Segment Open

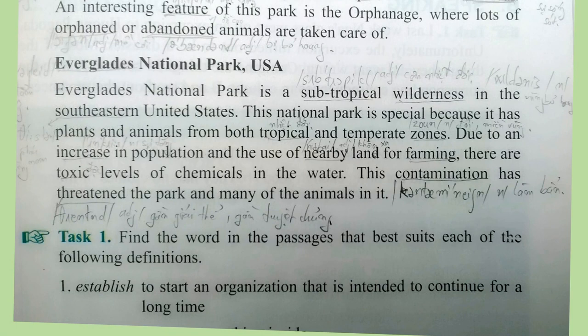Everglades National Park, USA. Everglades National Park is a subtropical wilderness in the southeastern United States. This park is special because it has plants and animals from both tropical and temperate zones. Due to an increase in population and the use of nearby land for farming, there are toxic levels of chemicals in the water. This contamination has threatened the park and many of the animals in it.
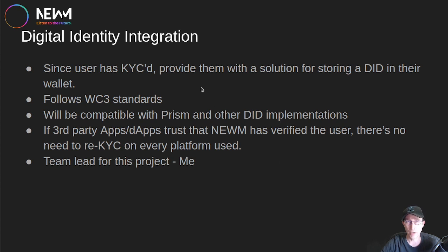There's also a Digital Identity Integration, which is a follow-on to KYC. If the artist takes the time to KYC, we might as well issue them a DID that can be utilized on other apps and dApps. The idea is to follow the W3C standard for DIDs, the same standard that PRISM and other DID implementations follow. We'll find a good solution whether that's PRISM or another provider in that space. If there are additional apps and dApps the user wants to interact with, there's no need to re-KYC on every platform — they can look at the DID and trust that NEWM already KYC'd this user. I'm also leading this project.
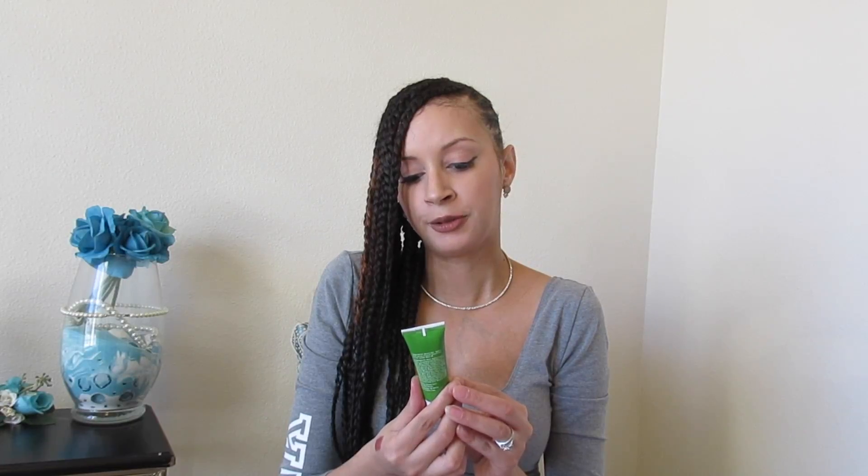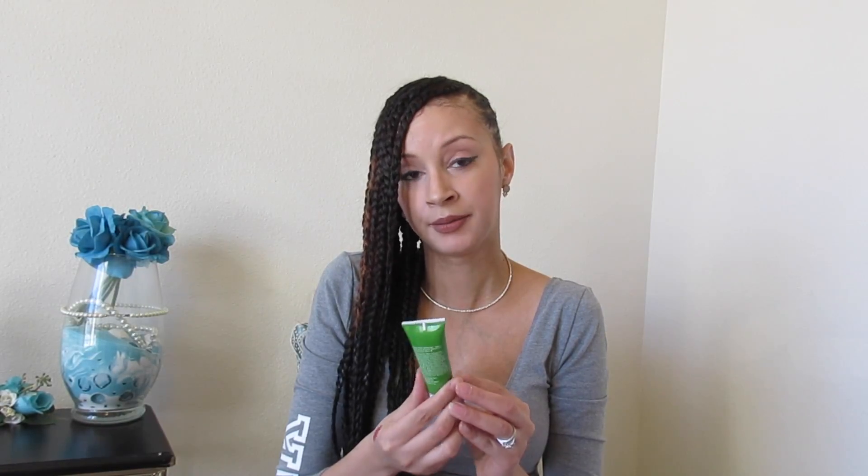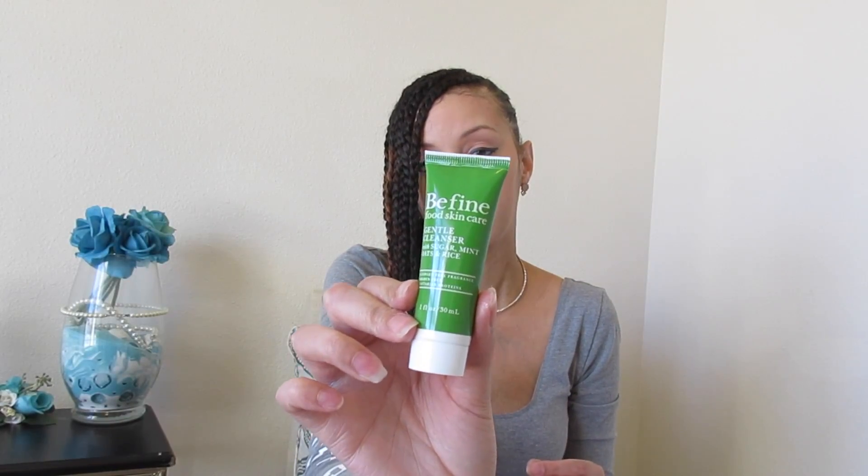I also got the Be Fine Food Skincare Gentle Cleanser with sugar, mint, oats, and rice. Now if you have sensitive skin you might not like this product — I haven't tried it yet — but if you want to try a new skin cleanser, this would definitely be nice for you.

Segment Closed
Segment Open

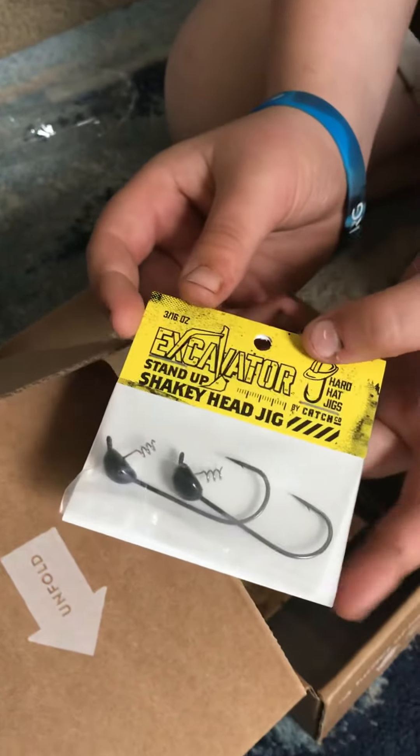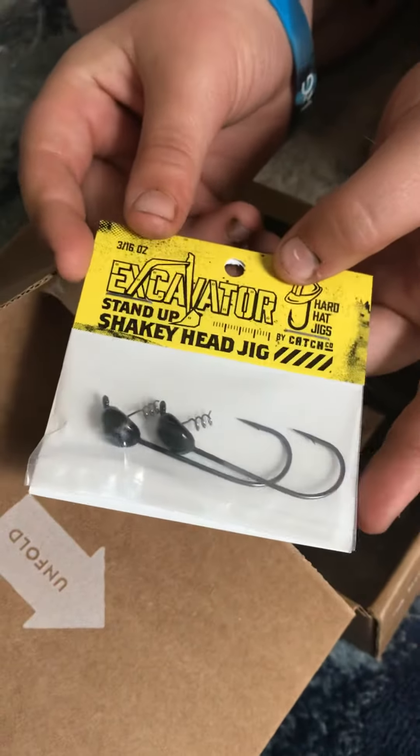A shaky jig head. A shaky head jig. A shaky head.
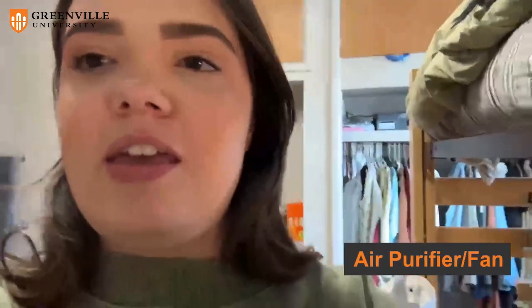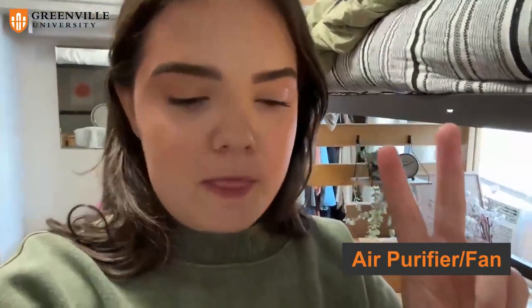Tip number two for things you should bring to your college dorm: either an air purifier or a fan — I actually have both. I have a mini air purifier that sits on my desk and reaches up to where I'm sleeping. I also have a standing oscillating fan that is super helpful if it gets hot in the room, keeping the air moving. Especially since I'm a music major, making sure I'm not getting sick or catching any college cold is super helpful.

Segment Closed

→ Required action
Using the data above, print only the lines starting at the one with "A shaky jig" and ending at the one with "Tip number two", exactly as they stand, minus the pictures.

→ Your solution
A shaky jig head. A shaky head jig. A shaky head.
Tip number two for things you should bring to your college dorm: either an air purifier or a fan — I actually have both. I have a mini air purifier that sits on my desk and reaches up to where I'm sleeping. I also have a standing oscillating fan that is super helpful if it gets hot in the room, keeping the air moving. Especially since I'm a music major, making sure I'm not getting sick or catching any college cold is super helpful.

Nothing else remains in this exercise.